An importer must maintain different information than a standard dealer, for instance. As a firearms dealer, you are expected to provide information to the ATF and other law enforcement officials in regards to the traceability of the firearms you sell. This means that you are required by law to provide information to police officers and special agents if they need to track the buyer of a gun in a criminal investigation. Image credit: Amazon. Every single firearm you take in from manufacturers, vendors, private sales, trades, consignment, and gunsmithing should be recorded in the Acquisitions section.

Any firearm you sell or trade should be records in the Dispositions section. All it takes is a careless employee or leaky roof to ruin your compliance. Second, simple mistakes are too common.

The National Shooting Sports Foundation breaks them down nicely. These changes strongly favor small businesses, because it gives FFLs more options in terms of their operations. If you prefer the pen-and-paper bound book and physical forms, you can continue doing business as you please. Software, however, is undoubtedly the most effective way to modernize your business and improve efficiency.

These were not simple to obtain. Specifically, ATF authorizes licensed importers, licensed manufacturers, licensed dealers, and licensed collectors to maintain their firearms acquisition and disposition records electronically instead of in paper format provided the conditions set forth in this ruling are met. This ruling supersedes ATF Rul. This was a significant rule change. Essentially, it grants firearms dealers the ability to use contracted or leased servers to store their data, including cloud-based technology.

For instance, when you use FastBound, we store your records in a safe, secure, regularly backed up data center. There are a few conditions, however. The servers with the records must be located within the United States. Specifically, ATF authorizes licensees to use an electronic version of Form , instead of the paper format, provided the conditions set forth in this ruling are met. This form is required for every firearm sale, so they can pile up quickly.

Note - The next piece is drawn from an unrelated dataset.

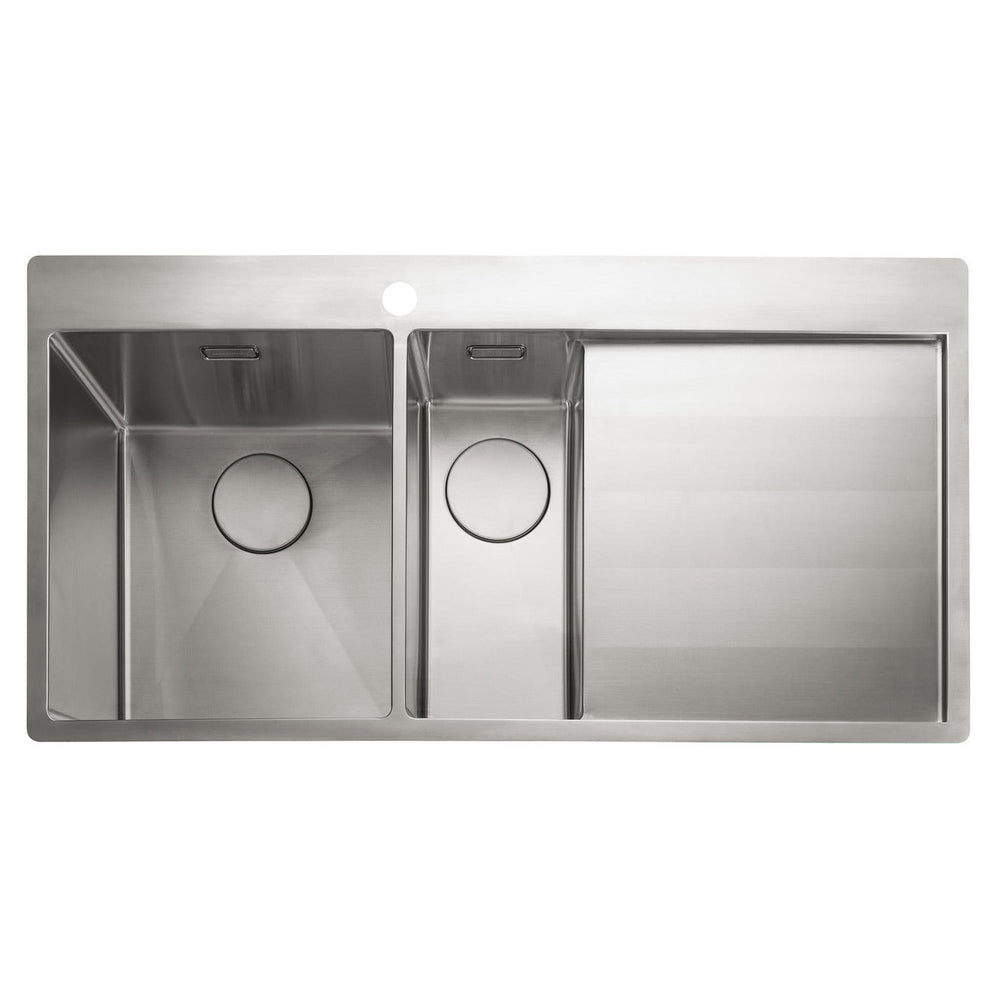 Rangemaster Cosmo Inset Mount One and Half Kitchen Sink For 600mm Cabinet in Stainless Steel Soft Brushed Right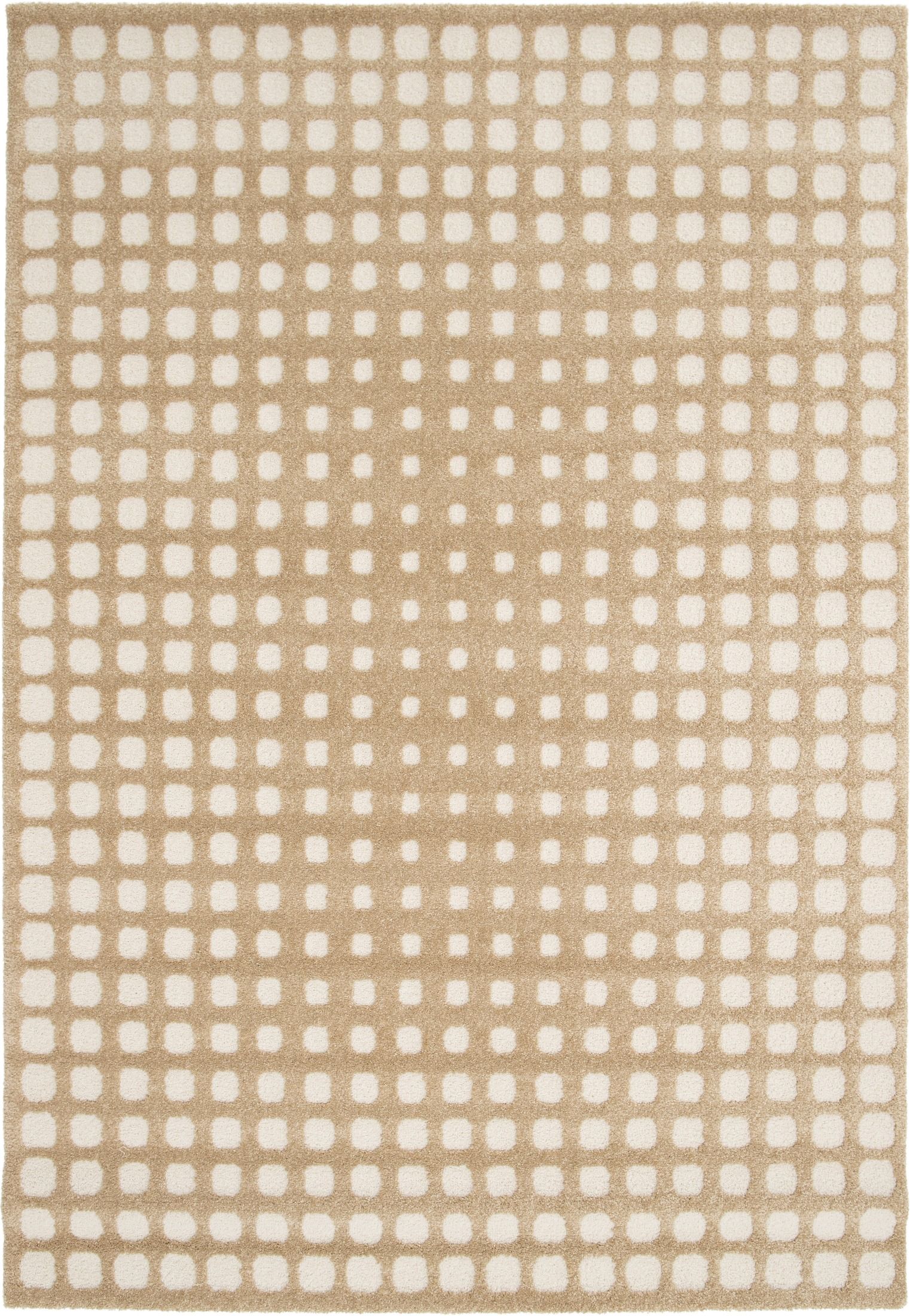 Osmond Squares Beige rug with soft square patterns in a neutral palette and a high-low textured finish. Colours Beige and Cream. Sizes 160 X 230, 200 X 290 and 240 X 340. Full.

You can even accept electronic signatures, so you never actually need a paper form on site. Our software, FastBound, is compliant already. Specifically, ATF authorizes licensed manufacturers to consolidate their records of manufacture or other acquisition of firearms with their separate firearms disposition records, provided all of the conditions in this ruling are met.

Before this ruling, the ATF required licensed manufacturers to keep records of manufacturing or acquisition of firearms separate from their records of dispositions to non-licensees. The new ruling allows for the consolidation of these records, but with a few requirements. The most notable change relates to changes of firearm characteristics. This is so law enforcement can easily track a weapon if it was changed at some point.

Ammoland has a great breakdown of the other conditions. Just like your spiral bound books, software is required to collect the same information. Who knows if the creator built it properly?

Whatever software you use must format your data according to all regulatory requirements for the required information. Your electronic software must follow this format as well. Your software must be self contained. If you use electronic records, no part of your process may be on paper.

You could not, for example, record your acquisitions electronically and your dispositions manually. All parts of your system must be electronic. The software must have the capacity to be queried by serial number and date for fast lookups.

It also must have a printing feature so any record can be made physical. Any program or provider that claims to be endorsed by the ATF is misrepresenting themselves. Software can be an invaluable tool to stay compliant, but you should take compliance seriously by understanding the regulations. Do you prefer to keep manual records or do you use an electronic solution?